Image via ethnologue.com

The Cultural Scenario

This is the belief that language is simply a cultural artifact that is to be studied like fossilized bones, pottery, or stone knives. This group of linguists believe that our spoken vocabulary was developed relatively recently in time (within the last 100,000 years).

The Biological Scenario

These groups of linguistic historians (which include American linguist Noam Chomsky) believe that the human language is a result of purely biological circumstances, and that it is a natural occurring part of human evolution that has slowly progressed over a period of hundreds of thousands of years, if not millions. In this scenario “language” was as evolved as it was ever going to be around 100,000 years ago.

In either hypothesis, what is absolutely agreed upon between the two is the monumental role that the human “tongue” has played in advancing cultural traditions, and regional social unity across the planet.

Modern language

Language is widely believed to have originated from a centralized source that was surrounded by the cradles of ancient civilizations around the region of the Black Sea, known today as The Middle East, Russia, and the Baltic Region. The first form of traceable dialect was called Anatolian that began to spread over 8,000 years ago. It is said to have even pre-dated Latin. This ancient basic root of modern voice moved across the continent and beyond from the outskirts of India, all the way to the tip of South America.

The Language Tree

Just like the tree of life, the tree of language shown in the graph Old World Language Families grew slowly from thin branches that eventually flourished over the ages into the great tree trunks that form the foundations of modern civilization. The Anatolian seedling grew to form Tocharian, Armenian, Greek, Albanian, Indo-Iranian, Balto-Slavic, Germanic, Italic, and Insular Celtic.

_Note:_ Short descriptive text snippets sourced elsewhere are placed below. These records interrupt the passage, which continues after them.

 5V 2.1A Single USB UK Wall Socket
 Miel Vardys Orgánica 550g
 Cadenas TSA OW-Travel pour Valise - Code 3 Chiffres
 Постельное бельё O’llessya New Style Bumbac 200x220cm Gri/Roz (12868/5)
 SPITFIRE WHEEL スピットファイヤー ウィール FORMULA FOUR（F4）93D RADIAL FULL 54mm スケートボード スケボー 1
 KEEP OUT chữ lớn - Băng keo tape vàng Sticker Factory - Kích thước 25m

Today, as in the past, the power of speech is somewhat taken for granted by the world’s populations. For some, speech unfortunately is used as a tool of division rather than inclusion. For others it is a form of art in the prose of poetry. It is also an important expression of endearment, commitment, and loyalty to friends, family, and lovers.

Tracing the Origins of Words

By tracing the background of commonly used words that have survived in similar form for thousands of years through numerous cultures and ethnicities, linguistic researchers have shown us how integrated language and world-wide human social interaction are.

The Indo-European Tree of Language illustration clearly shows both the evolutionary process of the human vernacular globally, as well as its cultural impact and influences on everyday life that eventually formed the structure of the prevalent modern languages of today such as German, English, French, Spanish, Russian, and Middle Eastern dialects.

One thing that is for sure, the subject matter of the world’s language origins, and its dominion over the ongoing growth and progression of civilization in general, is sure to be a topic that is only going to grow in interest along with the potential discussions over it for thousands of more years to come.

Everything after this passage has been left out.